Pickens County is the only county in the 15-county region with a per capita income in excess of $40,000. At the other end of the spectrum is Murray County and Chattooga County, which were the only counties in the region where the per capita figure is less than $30,000. Murray occupied the basement at $27,904.
The complete list of counties and 2016 per capita income figures includes:
Cherokee, Alabama $33,057
Georgia Highland College economics Professor Bruce Jones expressed some surprise that the difference between Pickens County and Floyd County at number two, some $5,517, was as large as it was.
“I guess it must be the case that we have got a substantial number of people at the bottom end of the income strata because, as you know, we’ve got a sizeable number at the top end,” Jones said. “We’ve got a lot of physicians and medical workers.”
Jones said another reason for the disparity may be the still sizeable agriculture community in Floyd County as opposed to the relatively small agricultural demographic in Pickens County. “Agriculture workers tend not to make as much as some others,” Jones said.
“We’re continuing to work for the low income folks to improve their opportunities through better education and workforce development,” said Rome Floyd Chamber President Al Hodge. “The best program for reduction and elimination of poverty is a good job.”
All 15 of the counties across Northwest Georgia were well below both the state and national averages. Across the entire state, per capita income was $42,159 in 2016, up 2.8 percent from the previous year. Nationally, the per capita figure was $49,246 but the increase was only 1.6 percent from 2015.
Jones took some solace from the fact that the rate of growth in Floyd County is 2.2 percent, well above the national rate of growth.
“We’ve probably had some new people at higher income levels,” Jones said.
“It is good, but we want it to be better,” said Hodge. “We have a relentless pursuit for new investors in our community.”

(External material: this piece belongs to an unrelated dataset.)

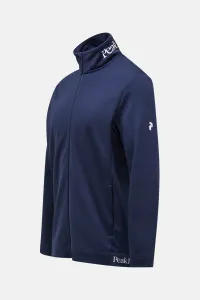 Mikina Peak Performance M Rider Tech Zip Jacket Blue Shadow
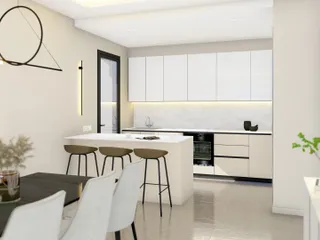 Новая элитная резиденция с бассейном и конференц-залами, Лимассол, Кипр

Hodge said the Chamber is making a concerted to effort to broaden the already diverse foundation of Rome’s workforce, which includes health care, education and manufacturing,
Among Georgia’s 14 Standard metropolitan Statistical Areas, Rome ranked ninth, with a per capita figure that was just $4 better than Athens and Clarke County. Dalton ranked 12th. Atlanta was number one with a per capita income figure of $47,348 which only ranked it 94th in the nation. Hinesville had the smallest per capita figure among the major communities in Georgia at $31,717.